提起2「国語教育でめざす『ことばの力』とは何か」/提起・浅尾紘也

 得丸提起のように、「国語力」「情緒力」などといった曖昧で恣意的な意図を持った言葉をちりばめることで、国語教育の本質とその構造は、ますます見えにくくなり、これまでの技術主義・技能主義的な国語科指導に加えて、思想教育としての指導が強化されようとしている中、私たちのこれまでの実践的成果をふまえての国語教育理論とその目標となる「ことばの力」をどう伸ばしていくのかを考えることは、緊急の課題と言える。

 浅尾提起は、その国語教育の構造とそこでの「ことばの力」を提示したものであった。  京都の教研国語分科会、サークル活動などの自主的研究活動の中で創造的に提起された「京都の国語教育・三分野説」は、それに対しての明確な視点と答えをもつ国語教育構造論である。

 国語教育の構造を、言語教育・文学教育・作文教育としてとらえる三分野説は、その各分野での「ことばの力」も、明確に提示している。

 言語教育では、言語についての学習(表記・語い・文法など)をふまえての説明文教育で、ことばは「論理」として磨かれる。それは、「論理としてのことばの力」として考えられる。

 文学教育では、文学作品を「形象」として読むことを通しての文学体験を進めることがめざされること、すなわち「形象としてのことばの力」をのばしていくことがめざされねばならない。

 作文教育では、自分の体験や感動、意見や主張を、「生活」に根ざしたことばで言語化し、表現していくこと、つまり「生活としてのことばの力」が深く、豊かに身についていくことが大切となる。

 もちろん、ことば(言語)はこの三つの側面に分けたとしても、それらが分かちがたくかかわったものではあるが、それぞれの分野での実践の中心的課題をしっかりと意識していく実践がめざされることが、「ことばの力を伸ばしていくことで人間的な成長をめざす国語教育(人格形成をめざす国語教育)」として大切である。

 しかしながら現状は、「教材すらない言語の教育」「読まない説明文教育」「読まない文学教育」「書かない作文教育」という、悲惨な状況が続く。

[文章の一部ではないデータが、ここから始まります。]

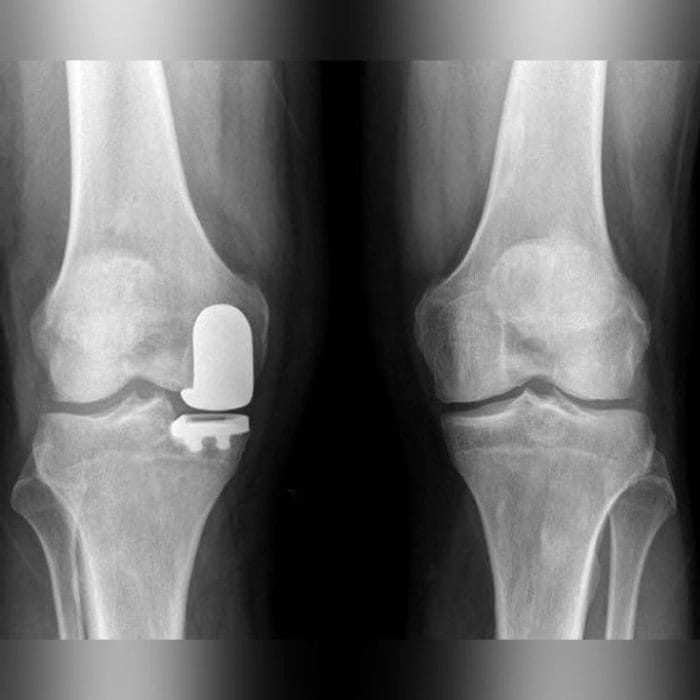 Unicompartmental Knee Prosthesis 3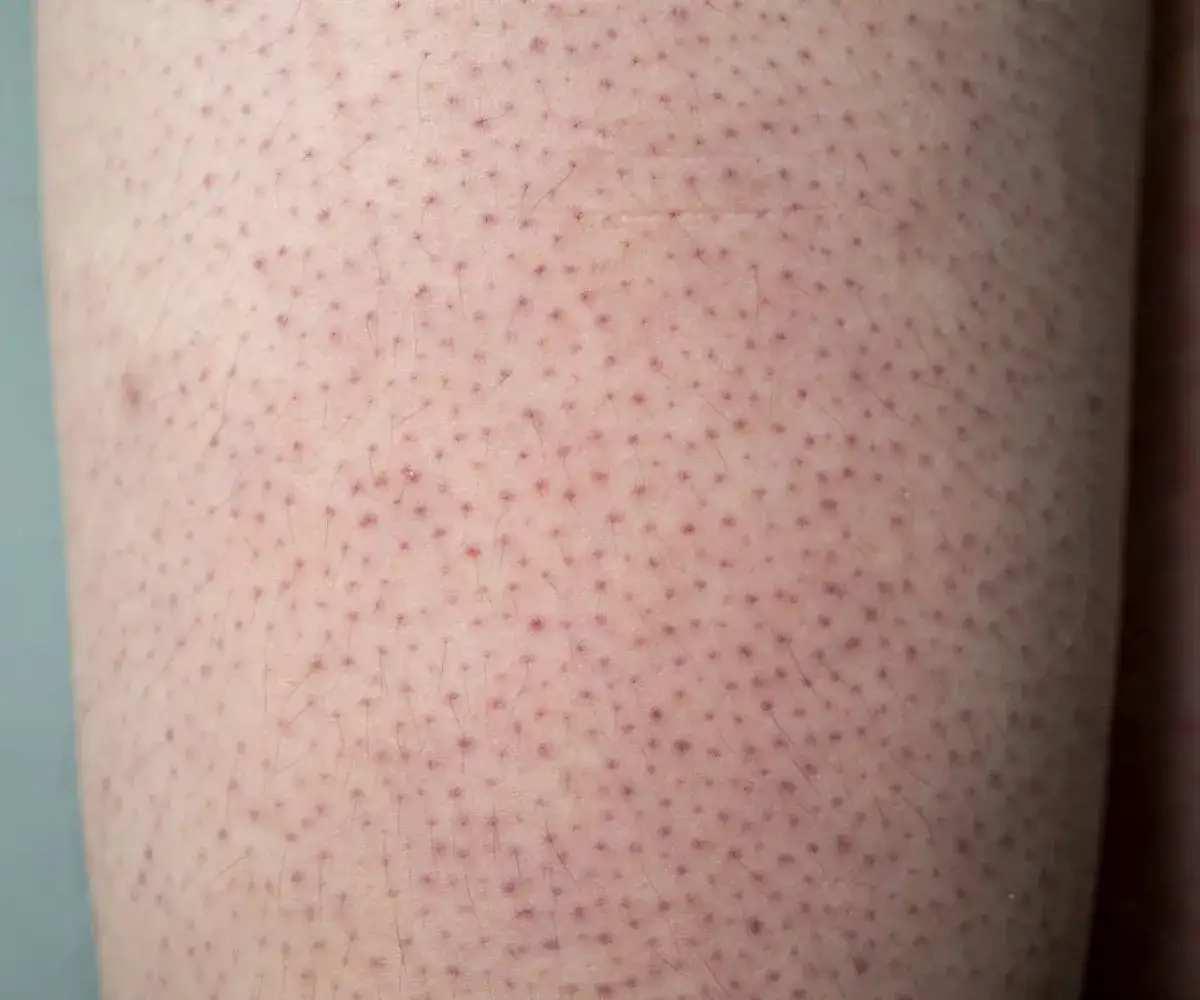 Jak skutecznie pozbyć się truskawkowych nóg i poprawić ich wygląd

 しかしながら視点を変えてみると、「教材すらない言語の教育」で、母語としての言語についての体系的系統的な学習をしないことで、主体的に読み、書く力が弱体化すること、「読まない説明文教育」で、まちがった論理もそのまま受動的に是認してしまうこと、「読まない文学教育」で、虚構という独自の方法での、現実をしっかりとらえそれを乗り越える想像力を培うことを阻害されること、「書かない作文教育」で、自分を表現することなく、受身的に「情報整理」する技術だけを身につけることに矮小化されることとなる。そして、それが現実に進められている。

 現状での、「読解力」の低下、そして「表現力」の弱体化が、このような現実からきているものであることと、それを乗り越える、たしかな国語教育について、広く提起していくことが、今こそ大切ではないだろうか。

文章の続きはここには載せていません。